**Exercise brief:**
The whole listing below should be printed again exactly, with no images.

***** Supplied data

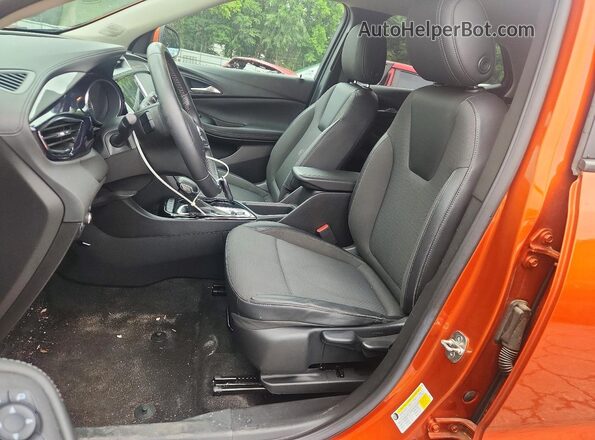 KL4MMBS20NB148171 2022 BUICK ENCORE Orange Vista interior delantera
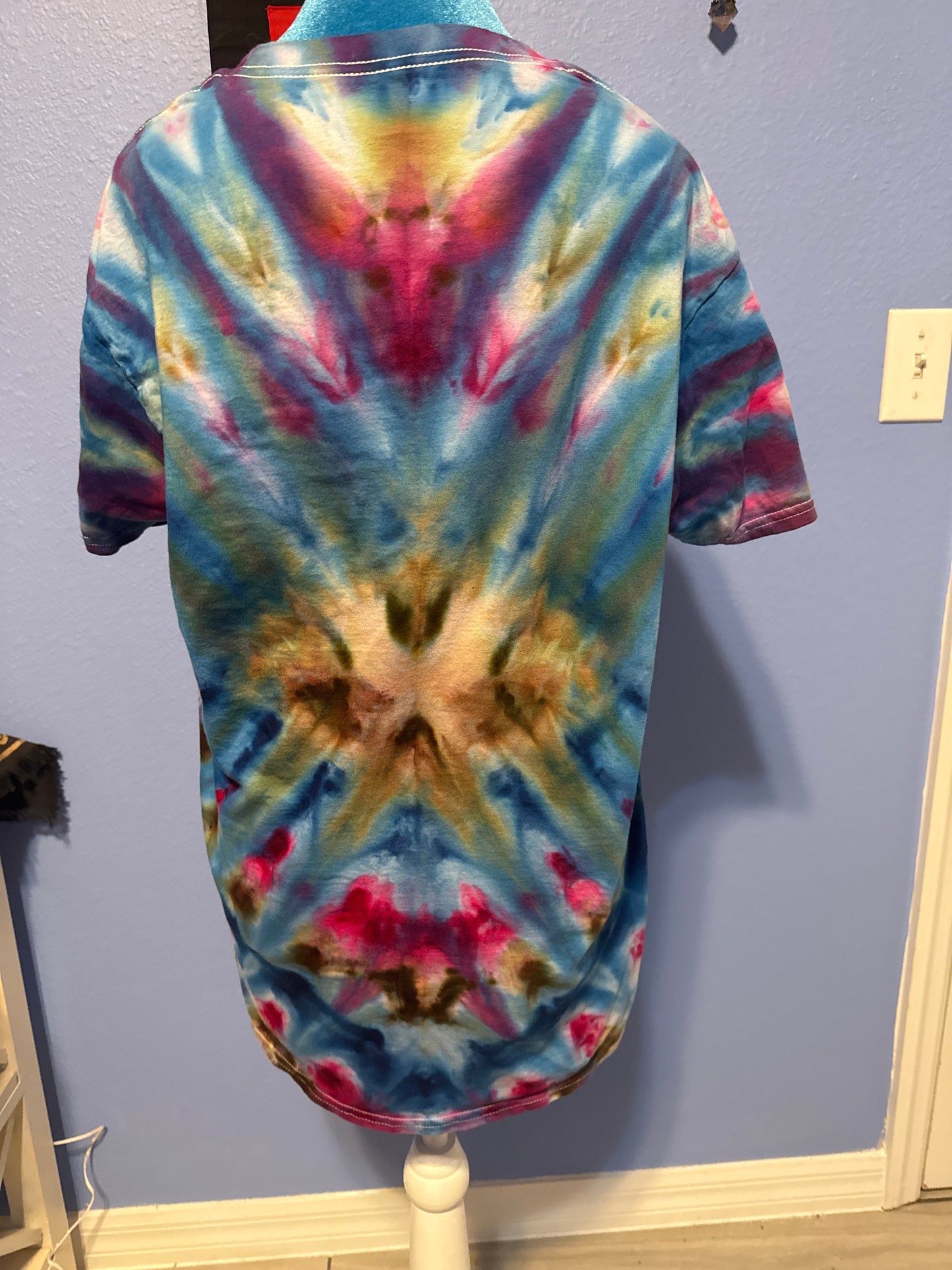 Inclined ice dye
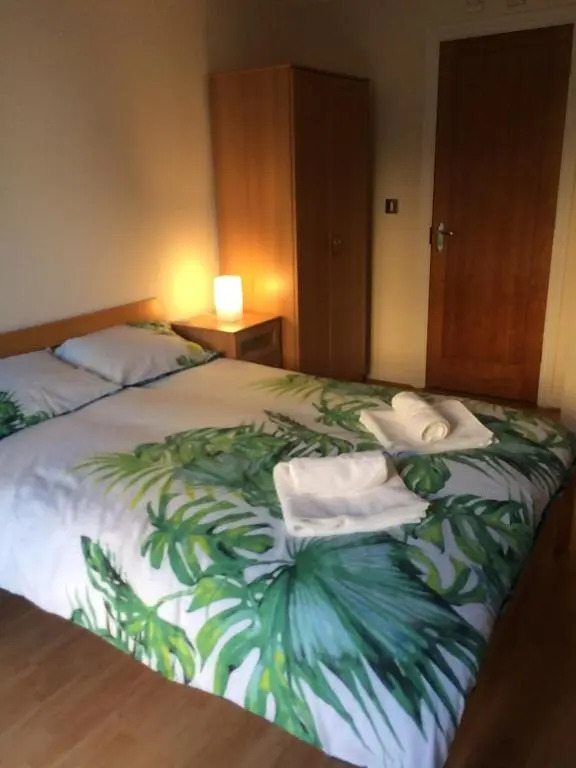 Central Reading Canal Side Apartment sleeps 4 with Parking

**********

**Output below:**
 KL4MMBS20NB148171 2022 BUICK ENCORE Orange Vista interior delantera
 Inclined ice dye
 Central Reading Canal Side Apartment sleeps 4 with Parking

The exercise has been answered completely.